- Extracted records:
=== Begin Enclosure ===
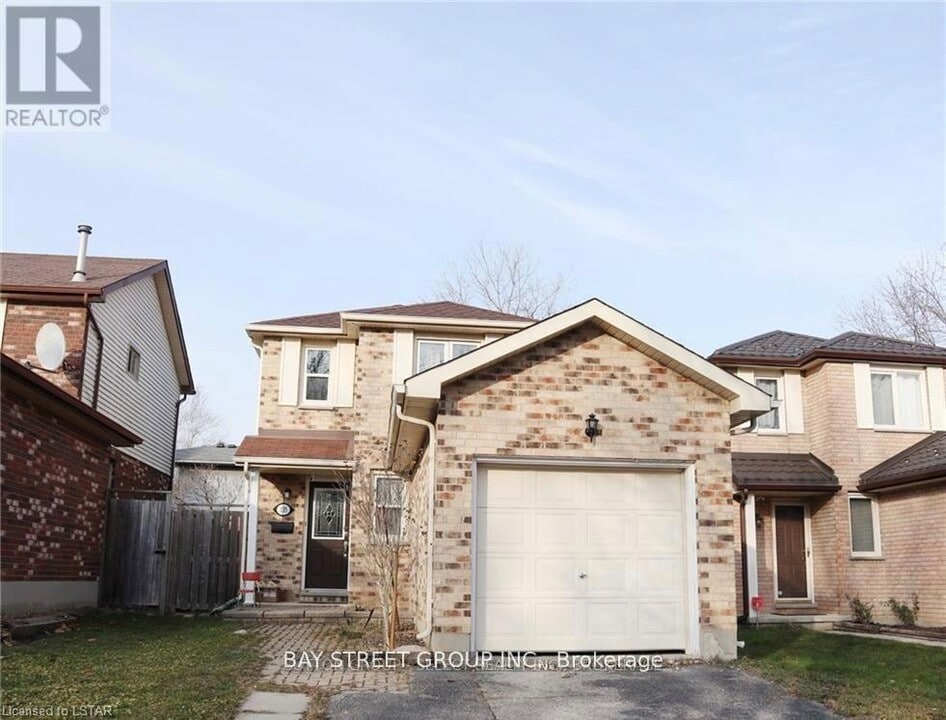 135 Walmer Gardens in London, ON - Building Photo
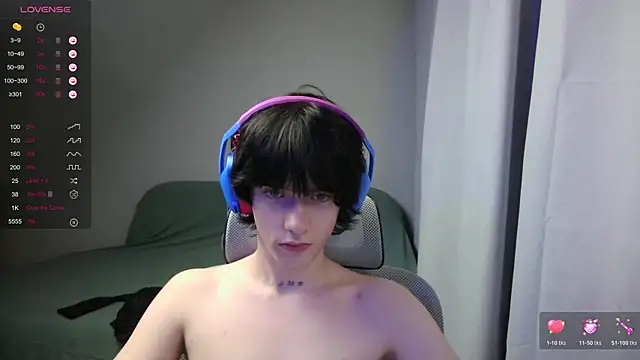 LeonBoykisser live sex cam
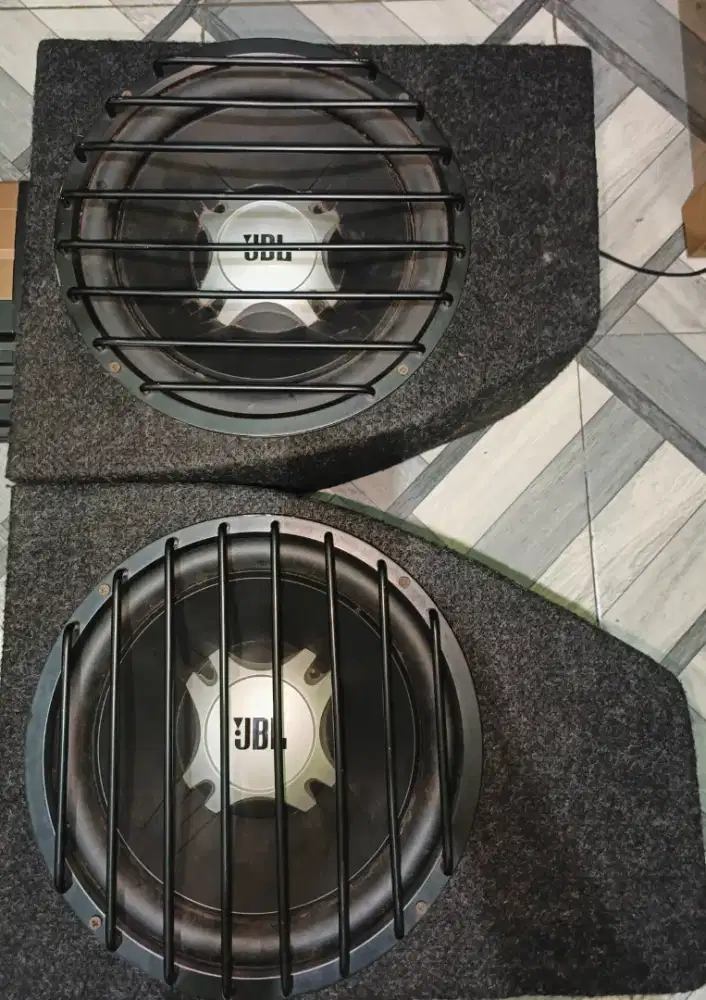 Salon merk JBL bekas mobil BRV dan power aktif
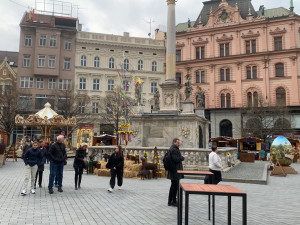 Žena z Brna si vyrazila na velikonoční trhy. Opila se a ohrožovala lidi vycházkovou holí s kovovým bodcem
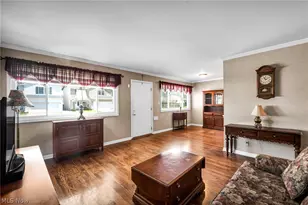 30892 Harrison Rd, Wickliffe, OH 44092 - Photo 8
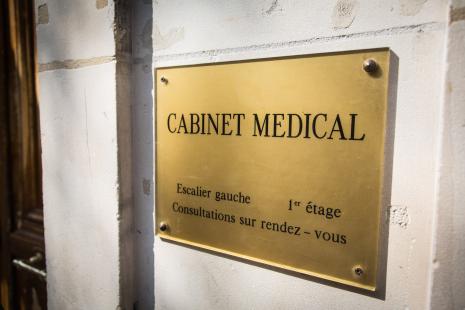 Les médecins peuvent bénéficier d’avantages fiscaux selon le lieu de rattachement de leur cabinet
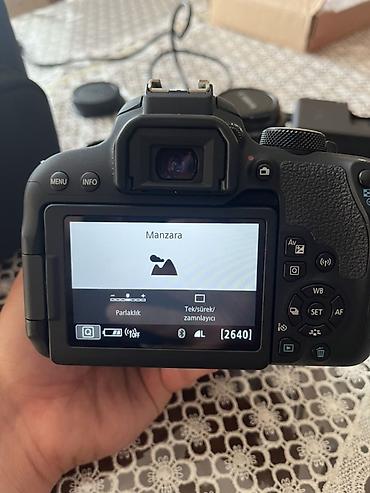 canon eos rp qiymeti: Canon EOS 800D DSLR fotoaparat + EF-S 18-55mm IS STM obyektiv - 24.2 — 1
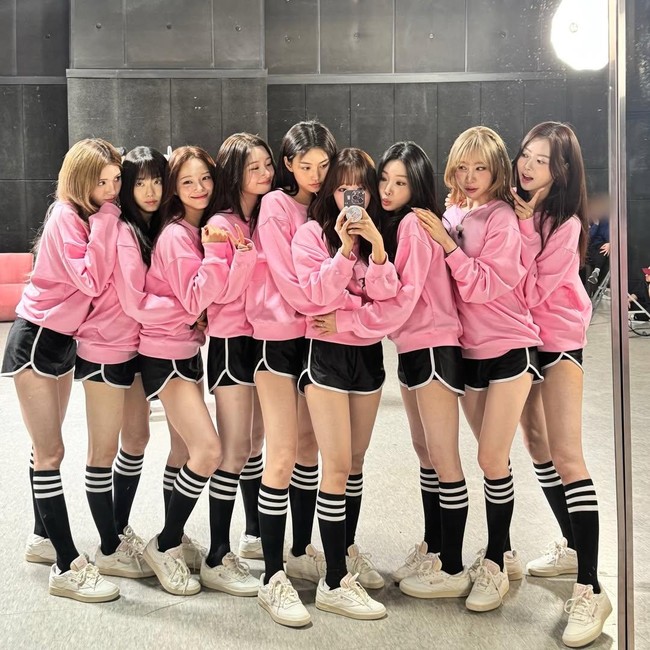 Foto: Kim Sejeong Hingga Jeon Somi Reunian, Siap Tur Konser Bareng I.O.I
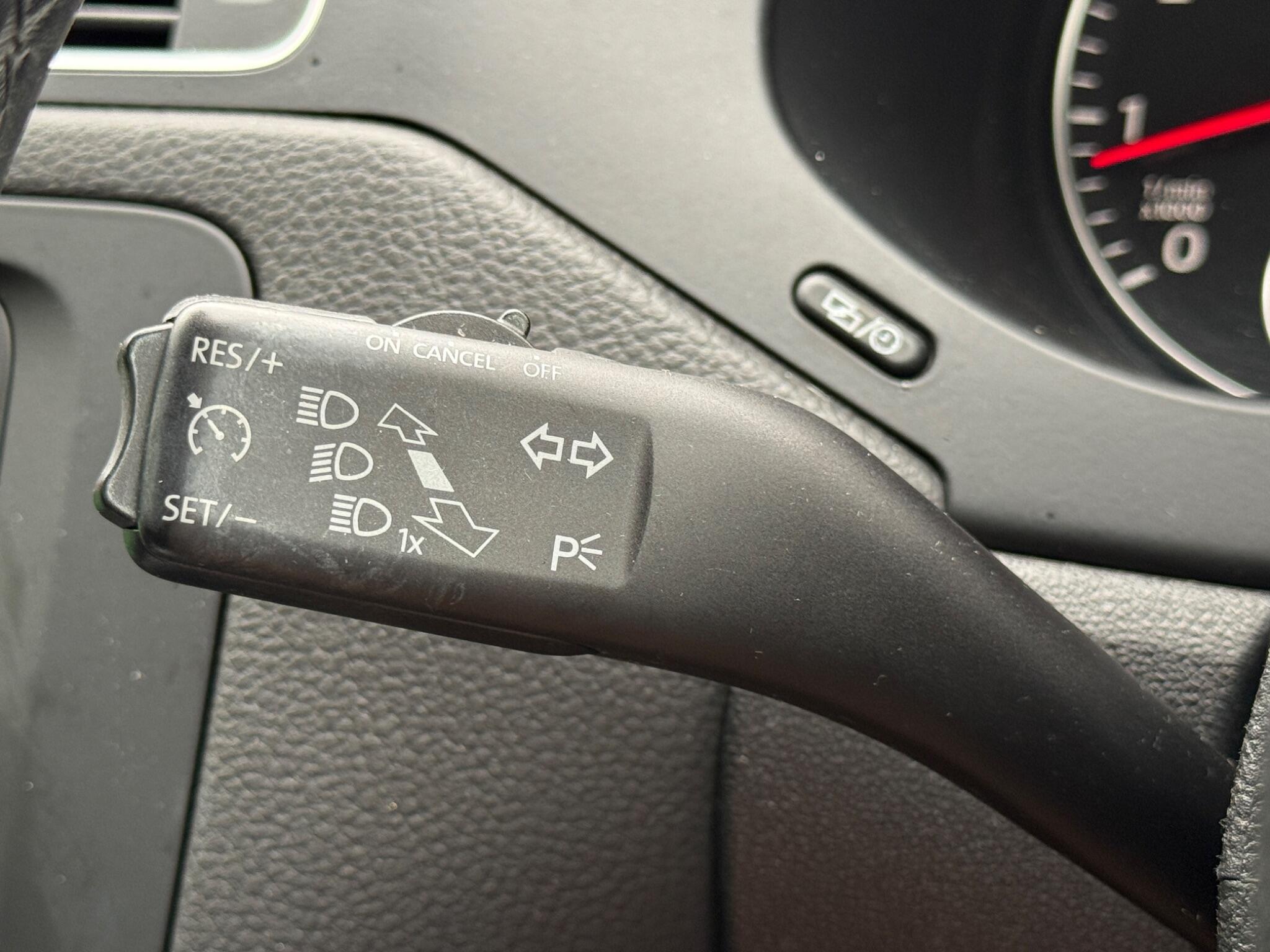 Volkswagen Jetta - Image 67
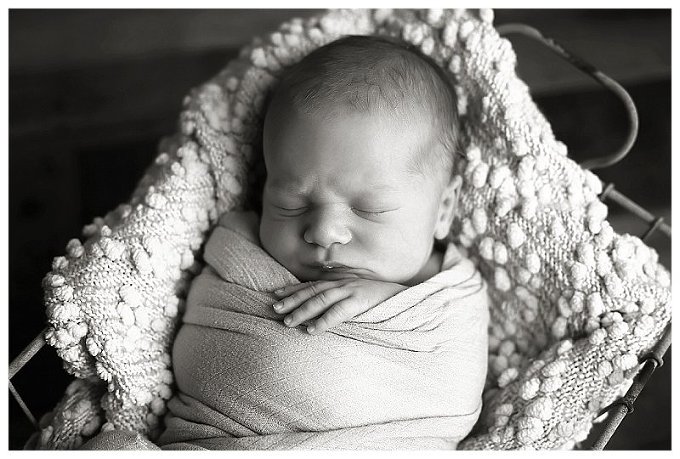 Annapolis Newborn photographer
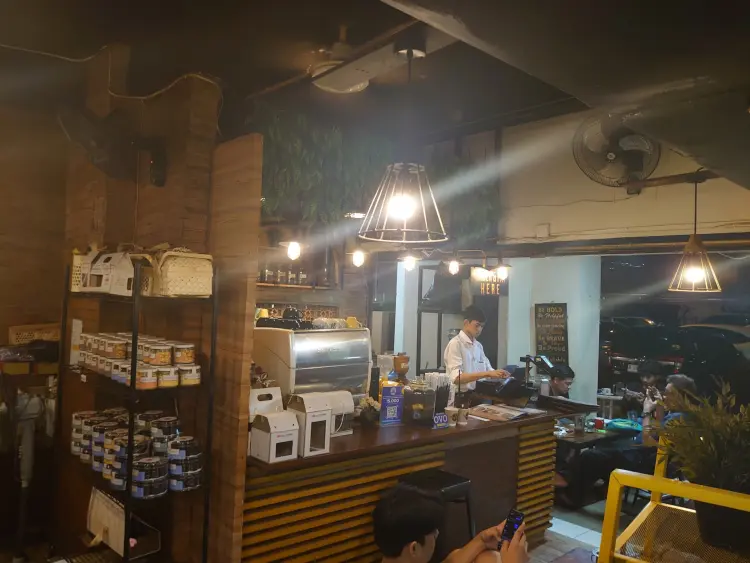 Kopi Bang Alay & Martabak Bang Alay 2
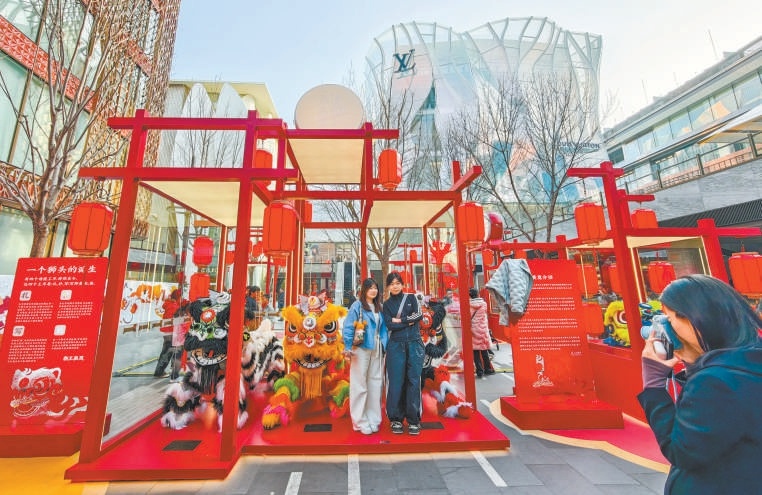 三里屯太古裏商圈推出“獅王入京”主題展，吸引眾多市民遊客前來觀賞拍照。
=== End Enclosure ===
- Exercise description:
Reproduce all the entries above exactly. Include no images.

- Result:
 135 Walmer Gardens in London, ON - Building Photo
 LeonBoykisser live sex cam
 Salon merk JBL bekas mobil BRV dan power aktif
 Žena z Brna si vyrazila na velikonoční trhy. Opila se a ohrožovala lidi vycházkovou holí s kovovým bodcem
 30892 Harrison Rd, Wickliffe, OH 44092 - Photo 8
 Les médecins peuvent bénéficier d’avantages fiscaux selon le lieu de rattachement de leur cabinet
 canon eos rp qiymeti: Canon EOS 800D DSLR fotoaparat + EF-S 18-55mm IS STM obyektiv - 24.2 — 1
 Foto: Kim Sejeong Hingga Jeon Somi Reunian, Siap Tur Konser Bareng I.O.I
 Volkswagen Jetta - Image 67
 Annapolis Newborn photographer
 Kopi Bang Alay & Martabak Bang Alay 2
 三里屯太古裏商圈推出“獅王入京”主題展，吸引眾多市民遊客前來觀賞拍照。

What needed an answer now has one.